Every VCs nowadays want to find their Google or Facebook, so more and more
LP's are investing into VC funds so all of them can get a piece of the social
network / internet hype. If the VC firm's name is not Sequoia or Kleiner
Perkins, or any well known firm name, it is probably not going to attract a
lot of top tier entrepreneurs, but since they've already raised a fund, they
got to invest somewhere.

In a way it's good for entrepreneurs, since there's a lot of available cash,
but at the same time a lot of entrepreneurs are getting money for the "same
ideas". So let's say 100 secret deals are made this month on new social
networking sites. After a period of time, only one company will achieve high
success, 4-5 are surviving and resilient, and the rests are gone. All this
stuff is theory, but I'm sure if someone really digged into this, it can show
that there's a lot of flaws with the VC industry.

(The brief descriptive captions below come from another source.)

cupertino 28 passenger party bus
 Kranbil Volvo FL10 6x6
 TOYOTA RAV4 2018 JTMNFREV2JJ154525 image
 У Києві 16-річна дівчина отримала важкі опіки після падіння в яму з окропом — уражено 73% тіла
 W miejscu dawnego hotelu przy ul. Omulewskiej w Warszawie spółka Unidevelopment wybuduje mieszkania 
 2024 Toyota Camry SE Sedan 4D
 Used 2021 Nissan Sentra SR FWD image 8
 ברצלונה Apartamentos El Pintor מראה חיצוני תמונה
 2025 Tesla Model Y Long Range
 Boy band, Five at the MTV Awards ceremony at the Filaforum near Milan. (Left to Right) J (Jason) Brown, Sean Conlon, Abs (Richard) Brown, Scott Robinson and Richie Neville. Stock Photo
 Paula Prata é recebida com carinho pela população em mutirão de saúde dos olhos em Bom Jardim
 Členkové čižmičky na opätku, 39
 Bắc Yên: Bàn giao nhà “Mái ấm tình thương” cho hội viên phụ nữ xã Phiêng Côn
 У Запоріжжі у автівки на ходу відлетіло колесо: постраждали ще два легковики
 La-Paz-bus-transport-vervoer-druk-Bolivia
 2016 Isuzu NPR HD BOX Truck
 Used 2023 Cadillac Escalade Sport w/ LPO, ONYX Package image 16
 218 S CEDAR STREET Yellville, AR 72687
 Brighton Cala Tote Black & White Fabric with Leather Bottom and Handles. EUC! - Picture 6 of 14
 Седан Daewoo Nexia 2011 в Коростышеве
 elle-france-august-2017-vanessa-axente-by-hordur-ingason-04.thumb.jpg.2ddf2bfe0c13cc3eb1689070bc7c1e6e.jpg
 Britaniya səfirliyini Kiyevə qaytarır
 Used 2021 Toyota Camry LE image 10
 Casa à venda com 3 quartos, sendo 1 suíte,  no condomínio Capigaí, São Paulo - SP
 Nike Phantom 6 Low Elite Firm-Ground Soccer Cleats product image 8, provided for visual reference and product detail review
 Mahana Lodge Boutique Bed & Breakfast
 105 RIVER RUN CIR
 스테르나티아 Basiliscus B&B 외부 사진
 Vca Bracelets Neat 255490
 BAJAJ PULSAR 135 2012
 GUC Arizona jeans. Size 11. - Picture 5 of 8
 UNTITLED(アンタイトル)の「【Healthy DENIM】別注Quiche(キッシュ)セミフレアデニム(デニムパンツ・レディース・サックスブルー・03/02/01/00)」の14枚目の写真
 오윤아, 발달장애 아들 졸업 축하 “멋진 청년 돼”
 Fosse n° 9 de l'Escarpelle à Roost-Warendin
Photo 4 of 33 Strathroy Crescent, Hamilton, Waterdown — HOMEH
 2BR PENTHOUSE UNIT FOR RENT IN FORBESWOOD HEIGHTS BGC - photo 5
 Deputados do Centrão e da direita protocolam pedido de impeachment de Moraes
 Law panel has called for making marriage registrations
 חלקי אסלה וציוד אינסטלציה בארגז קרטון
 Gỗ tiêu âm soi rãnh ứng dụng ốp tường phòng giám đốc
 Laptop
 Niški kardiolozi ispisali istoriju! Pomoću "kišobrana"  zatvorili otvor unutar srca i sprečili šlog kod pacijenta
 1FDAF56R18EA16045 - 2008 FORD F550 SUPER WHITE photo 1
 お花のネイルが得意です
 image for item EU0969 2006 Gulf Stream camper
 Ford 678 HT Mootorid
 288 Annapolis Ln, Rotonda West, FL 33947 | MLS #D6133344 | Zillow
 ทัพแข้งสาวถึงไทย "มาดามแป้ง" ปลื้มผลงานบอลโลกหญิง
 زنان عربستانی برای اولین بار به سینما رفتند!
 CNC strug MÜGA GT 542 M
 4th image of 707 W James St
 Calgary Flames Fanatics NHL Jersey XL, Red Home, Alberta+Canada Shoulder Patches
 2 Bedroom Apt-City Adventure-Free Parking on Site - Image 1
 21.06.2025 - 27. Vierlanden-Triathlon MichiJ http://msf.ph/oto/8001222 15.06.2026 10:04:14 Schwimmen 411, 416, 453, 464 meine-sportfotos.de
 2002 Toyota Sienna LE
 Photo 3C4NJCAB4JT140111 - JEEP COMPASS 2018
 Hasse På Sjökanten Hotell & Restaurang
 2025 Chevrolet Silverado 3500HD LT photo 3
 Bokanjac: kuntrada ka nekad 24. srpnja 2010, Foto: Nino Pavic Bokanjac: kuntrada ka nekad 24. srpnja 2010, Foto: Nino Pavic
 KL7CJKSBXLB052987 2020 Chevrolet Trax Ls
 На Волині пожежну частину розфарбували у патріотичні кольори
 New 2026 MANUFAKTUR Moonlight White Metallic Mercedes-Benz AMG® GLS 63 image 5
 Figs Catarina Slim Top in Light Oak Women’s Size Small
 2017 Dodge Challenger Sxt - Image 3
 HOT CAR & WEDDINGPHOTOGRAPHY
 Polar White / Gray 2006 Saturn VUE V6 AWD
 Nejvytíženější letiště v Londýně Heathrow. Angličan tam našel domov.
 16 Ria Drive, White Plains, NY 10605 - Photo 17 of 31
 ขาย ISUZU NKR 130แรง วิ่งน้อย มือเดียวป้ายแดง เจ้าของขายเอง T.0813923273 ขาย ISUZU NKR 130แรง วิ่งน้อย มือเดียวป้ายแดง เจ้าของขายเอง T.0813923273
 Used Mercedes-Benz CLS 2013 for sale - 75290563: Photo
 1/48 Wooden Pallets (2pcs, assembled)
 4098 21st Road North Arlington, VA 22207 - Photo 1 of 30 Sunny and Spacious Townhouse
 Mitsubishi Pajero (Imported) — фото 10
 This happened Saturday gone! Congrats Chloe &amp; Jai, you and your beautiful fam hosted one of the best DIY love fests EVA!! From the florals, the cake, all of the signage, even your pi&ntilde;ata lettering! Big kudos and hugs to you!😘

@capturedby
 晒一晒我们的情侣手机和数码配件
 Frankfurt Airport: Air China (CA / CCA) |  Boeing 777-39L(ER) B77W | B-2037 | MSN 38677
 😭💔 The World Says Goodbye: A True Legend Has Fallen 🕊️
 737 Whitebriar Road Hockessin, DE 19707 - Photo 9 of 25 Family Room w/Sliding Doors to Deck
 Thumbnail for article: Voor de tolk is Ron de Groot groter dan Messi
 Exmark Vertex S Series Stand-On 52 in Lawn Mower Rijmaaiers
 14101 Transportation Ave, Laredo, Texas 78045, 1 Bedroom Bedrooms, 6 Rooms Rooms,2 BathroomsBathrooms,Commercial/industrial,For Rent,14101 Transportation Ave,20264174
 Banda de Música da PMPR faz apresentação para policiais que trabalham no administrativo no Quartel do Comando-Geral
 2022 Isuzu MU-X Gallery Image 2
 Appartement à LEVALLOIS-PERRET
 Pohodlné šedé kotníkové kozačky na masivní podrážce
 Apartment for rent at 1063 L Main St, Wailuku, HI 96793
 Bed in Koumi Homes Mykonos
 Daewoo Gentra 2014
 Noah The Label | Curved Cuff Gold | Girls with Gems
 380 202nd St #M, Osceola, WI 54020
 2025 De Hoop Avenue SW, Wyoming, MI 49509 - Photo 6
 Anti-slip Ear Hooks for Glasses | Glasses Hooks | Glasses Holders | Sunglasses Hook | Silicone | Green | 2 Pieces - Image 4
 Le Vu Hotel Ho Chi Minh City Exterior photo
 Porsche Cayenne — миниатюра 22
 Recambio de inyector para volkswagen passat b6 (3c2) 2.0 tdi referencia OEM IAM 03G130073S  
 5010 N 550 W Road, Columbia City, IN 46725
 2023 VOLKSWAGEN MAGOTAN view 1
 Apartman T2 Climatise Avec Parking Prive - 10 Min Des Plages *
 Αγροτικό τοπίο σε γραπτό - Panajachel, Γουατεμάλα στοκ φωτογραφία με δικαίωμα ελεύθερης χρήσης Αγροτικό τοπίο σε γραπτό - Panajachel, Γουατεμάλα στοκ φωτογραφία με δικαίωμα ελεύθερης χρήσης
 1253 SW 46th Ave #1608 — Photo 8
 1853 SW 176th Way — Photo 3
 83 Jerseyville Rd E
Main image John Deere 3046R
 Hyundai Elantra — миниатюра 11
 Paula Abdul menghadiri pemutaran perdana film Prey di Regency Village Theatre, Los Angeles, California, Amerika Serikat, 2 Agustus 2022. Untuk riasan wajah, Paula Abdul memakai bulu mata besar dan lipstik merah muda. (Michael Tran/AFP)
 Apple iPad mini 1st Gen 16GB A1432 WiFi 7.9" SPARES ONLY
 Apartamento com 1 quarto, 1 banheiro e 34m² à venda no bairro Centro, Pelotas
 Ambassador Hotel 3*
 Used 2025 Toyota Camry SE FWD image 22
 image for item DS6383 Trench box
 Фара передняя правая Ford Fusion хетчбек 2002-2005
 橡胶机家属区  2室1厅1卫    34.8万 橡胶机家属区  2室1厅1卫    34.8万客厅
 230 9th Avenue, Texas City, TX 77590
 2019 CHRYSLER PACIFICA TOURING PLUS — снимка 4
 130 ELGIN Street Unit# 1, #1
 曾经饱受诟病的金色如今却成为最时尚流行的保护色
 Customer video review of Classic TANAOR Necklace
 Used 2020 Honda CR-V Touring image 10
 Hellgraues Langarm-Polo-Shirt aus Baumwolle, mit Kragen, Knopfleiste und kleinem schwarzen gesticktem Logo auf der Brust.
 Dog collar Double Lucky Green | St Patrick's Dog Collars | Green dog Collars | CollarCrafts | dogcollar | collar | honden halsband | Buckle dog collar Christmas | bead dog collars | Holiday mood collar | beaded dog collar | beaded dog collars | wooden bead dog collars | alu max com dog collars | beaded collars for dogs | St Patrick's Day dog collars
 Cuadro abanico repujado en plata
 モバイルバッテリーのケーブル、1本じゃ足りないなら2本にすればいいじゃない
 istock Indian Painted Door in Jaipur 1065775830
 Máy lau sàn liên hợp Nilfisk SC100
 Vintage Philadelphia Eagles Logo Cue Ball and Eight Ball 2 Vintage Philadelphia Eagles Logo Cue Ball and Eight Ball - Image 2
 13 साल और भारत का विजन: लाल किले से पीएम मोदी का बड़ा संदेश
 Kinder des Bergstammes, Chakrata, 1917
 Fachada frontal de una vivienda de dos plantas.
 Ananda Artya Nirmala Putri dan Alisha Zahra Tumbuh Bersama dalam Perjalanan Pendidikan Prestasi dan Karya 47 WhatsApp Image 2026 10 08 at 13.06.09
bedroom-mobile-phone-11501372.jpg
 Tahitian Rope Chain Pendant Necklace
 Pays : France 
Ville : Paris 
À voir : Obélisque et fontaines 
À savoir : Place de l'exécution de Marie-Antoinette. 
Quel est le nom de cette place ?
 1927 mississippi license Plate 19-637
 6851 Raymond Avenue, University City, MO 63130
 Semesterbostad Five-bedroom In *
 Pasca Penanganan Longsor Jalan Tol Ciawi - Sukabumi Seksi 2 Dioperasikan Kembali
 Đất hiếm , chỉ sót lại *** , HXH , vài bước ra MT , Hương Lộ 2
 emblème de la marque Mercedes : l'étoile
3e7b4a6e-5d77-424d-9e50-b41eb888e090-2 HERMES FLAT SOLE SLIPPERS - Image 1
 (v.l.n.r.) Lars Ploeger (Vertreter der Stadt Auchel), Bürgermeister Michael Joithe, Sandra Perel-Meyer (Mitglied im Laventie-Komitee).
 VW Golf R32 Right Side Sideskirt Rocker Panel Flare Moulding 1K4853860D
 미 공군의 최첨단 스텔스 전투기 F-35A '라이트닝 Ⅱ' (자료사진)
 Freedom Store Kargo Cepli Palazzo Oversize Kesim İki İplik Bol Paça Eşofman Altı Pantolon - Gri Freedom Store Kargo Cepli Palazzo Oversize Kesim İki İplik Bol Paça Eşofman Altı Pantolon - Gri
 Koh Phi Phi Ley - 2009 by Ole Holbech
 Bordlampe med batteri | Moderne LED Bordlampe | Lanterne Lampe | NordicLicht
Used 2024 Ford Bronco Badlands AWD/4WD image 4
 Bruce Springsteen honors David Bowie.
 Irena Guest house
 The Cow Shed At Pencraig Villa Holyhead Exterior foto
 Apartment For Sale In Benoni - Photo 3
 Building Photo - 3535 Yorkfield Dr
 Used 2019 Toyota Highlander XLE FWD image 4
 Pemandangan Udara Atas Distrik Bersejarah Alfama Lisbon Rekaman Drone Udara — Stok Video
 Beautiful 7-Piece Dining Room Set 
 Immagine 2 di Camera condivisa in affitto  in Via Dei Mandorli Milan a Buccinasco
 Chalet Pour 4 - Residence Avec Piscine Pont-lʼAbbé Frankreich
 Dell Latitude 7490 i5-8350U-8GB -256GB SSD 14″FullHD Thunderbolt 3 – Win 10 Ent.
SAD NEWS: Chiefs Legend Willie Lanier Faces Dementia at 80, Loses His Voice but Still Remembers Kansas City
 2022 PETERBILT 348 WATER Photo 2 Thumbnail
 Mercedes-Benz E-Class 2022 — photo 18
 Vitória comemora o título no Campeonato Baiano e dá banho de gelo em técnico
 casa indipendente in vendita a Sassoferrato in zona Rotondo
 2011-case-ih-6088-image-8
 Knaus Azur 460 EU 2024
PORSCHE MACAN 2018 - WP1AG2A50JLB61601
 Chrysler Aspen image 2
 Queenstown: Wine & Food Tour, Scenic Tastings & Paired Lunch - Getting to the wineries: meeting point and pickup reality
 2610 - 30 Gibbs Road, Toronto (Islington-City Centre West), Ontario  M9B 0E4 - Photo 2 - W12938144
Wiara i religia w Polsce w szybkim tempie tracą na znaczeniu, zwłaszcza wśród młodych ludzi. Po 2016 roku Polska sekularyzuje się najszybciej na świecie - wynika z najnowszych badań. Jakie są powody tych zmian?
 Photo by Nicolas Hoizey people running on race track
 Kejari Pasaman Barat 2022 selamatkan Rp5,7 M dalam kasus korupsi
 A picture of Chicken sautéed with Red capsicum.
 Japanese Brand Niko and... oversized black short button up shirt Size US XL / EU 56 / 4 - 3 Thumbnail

But one thing keeps it going, which is winning. I mean once you start to win
like Sequoia and KP, life is good. So I believe if there's competition,
there's what people like to refer to as a bubble. Since not everyone can be a
winner, there are always a lot of losers. I doubt there is going to be another
dot com bubble burst, that just happened to be a crap load of bad investments
faltering at once. In essence there's no that much theoretical difference
between dot com bubble and the great depression.

It will just happen again and again because of Gordon Gekko's favorite phrase
" Greed is Good"

------
dtby
More interestingly, is the VC market inherently inefficient because of the
accredited investor rules? Is there a reasonable proxy for "startups and
venture capital investments" in the open market which would allow one to
parlay insight into cold hard cash?